What are the disadvantages of CAR T-cell therapy? ›A major hurdle to CAR-T cell therapy is severe toxicities. The most common toxicities following infusion of CAR-T cells are CRS, neurologic toxicity, tumor lysis syndrome (TLS), on-target-off-tumor effects, anaphylaxis, and hematologic toxicities (19, 86, 87) ( Figure 4 ).
What type of cancers does CAR T-cell therapy treat? ›The types of cancer that are currently treated using CAR T-cell therapy are diffuse large B-cell lymphoma (DLBCL), follicular lymphoma, mantle cell lymphoma, multiple myeloma, and B-cell acute lymphoblastic leukemia (ALL) in pediatric and young adult patients up to age 25.

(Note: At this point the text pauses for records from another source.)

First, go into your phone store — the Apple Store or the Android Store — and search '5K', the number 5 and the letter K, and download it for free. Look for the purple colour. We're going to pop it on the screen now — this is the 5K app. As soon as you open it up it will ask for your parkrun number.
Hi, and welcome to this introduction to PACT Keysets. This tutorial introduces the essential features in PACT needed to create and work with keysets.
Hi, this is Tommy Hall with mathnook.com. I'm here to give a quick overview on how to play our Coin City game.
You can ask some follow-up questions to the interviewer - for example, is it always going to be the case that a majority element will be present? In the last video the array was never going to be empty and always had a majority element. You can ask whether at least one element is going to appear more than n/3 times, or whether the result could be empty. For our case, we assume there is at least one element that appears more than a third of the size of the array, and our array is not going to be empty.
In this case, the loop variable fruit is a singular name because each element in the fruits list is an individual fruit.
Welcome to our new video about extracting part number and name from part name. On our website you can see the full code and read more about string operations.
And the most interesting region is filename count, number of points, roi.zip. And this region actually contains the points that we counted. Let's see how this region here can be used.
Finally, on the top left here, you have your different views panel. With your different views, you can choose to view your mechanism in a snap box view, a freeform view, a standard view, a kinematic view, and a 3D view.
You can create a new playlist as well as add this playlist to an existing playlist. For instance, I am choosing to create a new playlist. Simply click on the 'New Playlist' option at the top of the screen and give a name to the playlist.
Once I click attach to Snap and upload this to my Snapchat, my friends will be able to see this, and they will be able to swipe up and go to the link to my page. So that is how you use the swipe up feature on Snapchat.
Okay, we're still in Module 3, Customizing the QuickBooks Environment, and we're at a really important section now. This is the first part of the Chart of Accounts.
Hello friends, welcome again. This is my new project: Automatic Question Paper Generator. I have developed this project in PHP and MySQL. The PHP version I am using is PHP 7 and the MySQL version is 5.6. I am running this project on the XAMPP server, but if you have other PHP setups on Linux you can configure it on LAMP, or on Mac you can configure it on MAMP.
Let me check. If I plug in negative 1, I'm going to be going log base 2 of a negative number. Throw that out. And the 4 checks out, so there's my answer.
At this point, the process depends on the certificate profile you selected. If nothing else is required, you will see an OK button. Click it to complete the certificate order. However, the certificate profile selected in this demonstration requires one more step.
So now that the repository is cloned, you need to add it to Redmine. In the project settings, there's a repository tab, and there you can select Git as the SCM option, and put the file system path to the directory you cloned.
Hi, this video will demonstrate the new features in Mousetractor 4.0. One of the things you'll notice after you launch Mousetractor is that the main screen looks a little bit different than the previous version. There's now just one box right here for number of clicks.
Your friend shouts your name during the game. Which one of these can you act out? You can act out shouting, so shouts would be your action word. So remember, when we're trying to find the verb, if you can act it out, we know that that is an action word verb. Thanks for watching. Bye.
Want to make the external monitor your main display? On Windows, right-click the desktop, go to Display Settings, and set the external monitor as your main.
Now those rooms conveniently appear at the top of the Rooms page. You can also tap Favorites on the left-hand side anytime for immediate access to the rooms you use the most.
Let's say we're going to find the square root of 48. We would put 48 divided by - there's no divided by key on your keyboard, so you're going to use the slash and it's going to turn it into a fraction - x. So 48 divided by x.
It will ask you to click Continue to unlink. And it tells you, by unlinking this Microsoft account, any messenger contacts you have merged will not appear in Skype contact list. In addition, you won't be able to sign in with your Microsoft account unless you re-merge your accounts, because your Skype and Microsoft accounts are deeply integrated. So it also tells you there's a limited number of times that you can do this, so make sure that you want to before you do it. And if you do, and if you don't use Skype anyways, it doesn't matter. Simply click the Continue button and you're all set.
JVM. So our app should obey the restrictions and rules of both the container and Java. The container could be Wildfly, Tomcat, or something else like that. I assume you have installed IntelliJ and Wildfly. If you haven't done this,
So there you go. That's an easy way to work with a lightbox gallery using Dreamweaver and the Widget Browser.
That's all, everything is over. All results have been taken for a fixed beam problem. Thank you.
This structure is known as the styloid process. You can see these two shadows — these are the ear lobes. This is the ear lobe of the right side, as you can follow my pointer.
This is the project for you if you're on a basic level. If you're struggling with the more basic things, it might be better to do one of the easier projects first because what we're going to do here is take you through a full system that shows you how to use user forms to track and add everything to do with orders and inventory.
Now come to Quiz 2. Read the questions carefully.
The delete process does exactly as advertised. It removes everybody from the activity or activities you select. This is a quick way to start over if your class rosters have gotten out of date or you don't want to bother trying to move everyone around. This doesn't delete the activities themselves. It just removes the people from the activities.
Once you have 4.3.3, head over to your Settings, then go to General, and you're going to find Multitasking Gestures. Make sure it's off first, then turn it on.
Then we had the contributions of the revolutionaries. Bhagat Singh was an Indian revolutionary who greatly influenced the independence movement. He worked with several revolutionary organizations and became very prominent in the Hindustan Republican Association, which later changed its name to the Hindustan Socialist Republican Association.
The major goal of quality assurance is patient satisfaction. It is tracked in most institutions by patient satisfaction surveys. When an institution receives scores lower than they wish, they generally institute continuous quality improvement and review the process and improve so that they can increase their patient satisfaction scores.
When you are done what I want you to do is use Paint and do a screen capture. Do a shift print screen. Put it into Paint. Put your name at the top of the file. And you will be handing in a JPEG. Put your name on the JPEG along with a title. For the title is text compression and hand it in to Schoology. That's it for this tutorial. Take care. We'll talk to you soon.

What is new in CAR T-cell therapy? ›Solid tumor advances. Chimeric antigen receptor (CAR) T cell therapy has been an amazing advance for treating blood cancers like leukemia, lymphoma and multiple myeloma. Now, it is showing promise for solid tumors — from lung cancer to kidney cancer to bone cancer — as well.
What is the new FDA approved treatment for lymphoma? ›FDA has approved Epkinly (epcoritamab-bysp) injection for the treatment of adult patients with relapsed or refractory diffuse large B-cell lymphoma (DLBCL), not otherwise specified, including DLBCL arising from indolent lymphoma, and high-grade B‑cell lymphoma after two or more lines of systemic therapy.
Is CAR T-cell therapy available in the US? ›
Several CAR T cell therapies have been approved by the U.S. Food and Drug Administration (FDA). All approved products use T cells taken from the patient. Some clinical trials use T cells taken from donors.